OTTER TYPOGRAPHY
ngig, River otter
I enjoy following the otter runs all along the west side of the River, the quieter side, people-wise. I place small wooden letters at the entrance/exit of one of the burrow holes, and a piece of my hair as an introduction. I hope for some otter typography. I wonder, however, if this is a bit invasive? If the smell of my hands, my feet, my hair, and of course the letters will keep the otter away, away from this hole anyway.
I return the next day and surprise the otter coming up the bank. I return twice more. A couple of letters (N and V) have moved. This movement could have been the wind, not the otter, as there are almost no tracks. I decide to stay away for a few days to see if the otter will return to the whole. I return and replace the letters along the path after the recent snowfall.

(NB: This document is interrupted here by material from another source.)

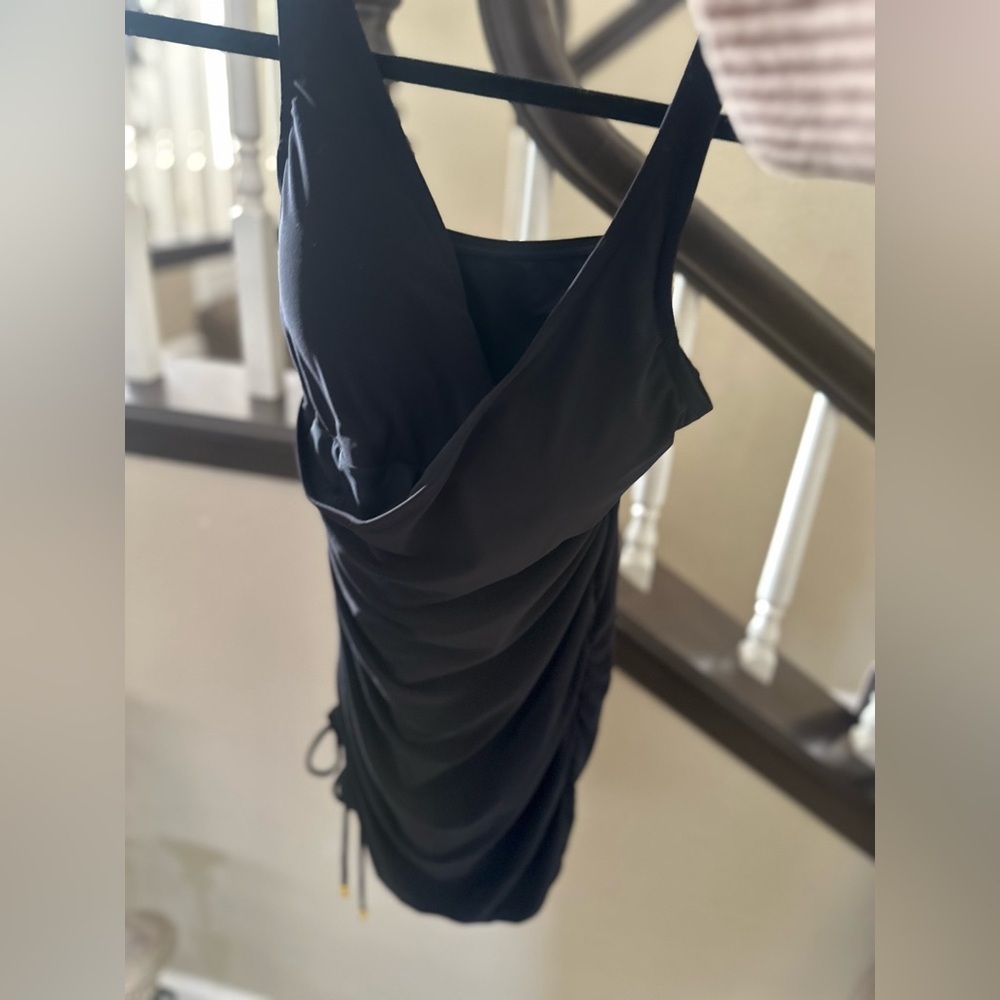 NWT black bathing suit skirt style tags attached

The full-length debut by Manitoulin Island poet Sophie Anne Edwards is Conversations with the Kagawong River (Vancouver BC: Talonbooks, 2024), a book-length study structured and presented through a blend of lyric, visual poems, photographs and archival material. Edwards offers, as Dr. Alan Ojiig Corbiere writes in his statement that opens the collection, “a creative and meaningful book” that “grapples with a decolonial approach to writing about, and with, place – a place significant to both the Anishinaabeg of Mnidoo Mnising and settlers.” Self-described as a “site-specific engagement with an ecosystem of Mnidoo Mnising (Manitoulin Island),” Conversations with the Kagawong River emerges from “several years [she spent] learning to listen to the Gaagigewang Ziibi (Kagawong River) and to follow the rhythms and patterns of its flora and fauna, the weather and the water. She invited the participation of various collaborators – woodpeckers, otters, currents, ice, grasses. The resulting poems, supported by local Edlers, language speakers, and historians, make visible the colonial, environmental, and social processes that construct an ecosystem and (settler) relationships to it.” As part of the poem, early on in the collection, “Conversations With My Toes Dipping into the Water at the / Bend Along the Lower River Where the Water Pools Before / Rushing Around the Bend and Over the Clay Deposits”:
To listen as a geographer and a writer is to understand the River as an animate, lively subject; is also to consider the marks, traces, patterns, calls, sounds, movements as texts in languages that I don’t speak, but might hear, feel, see. A site or a subject with a history, a story.
I want to hear the River, expand the definitions of subject, text, author, and listener. To attempt to listen on the River’s terms.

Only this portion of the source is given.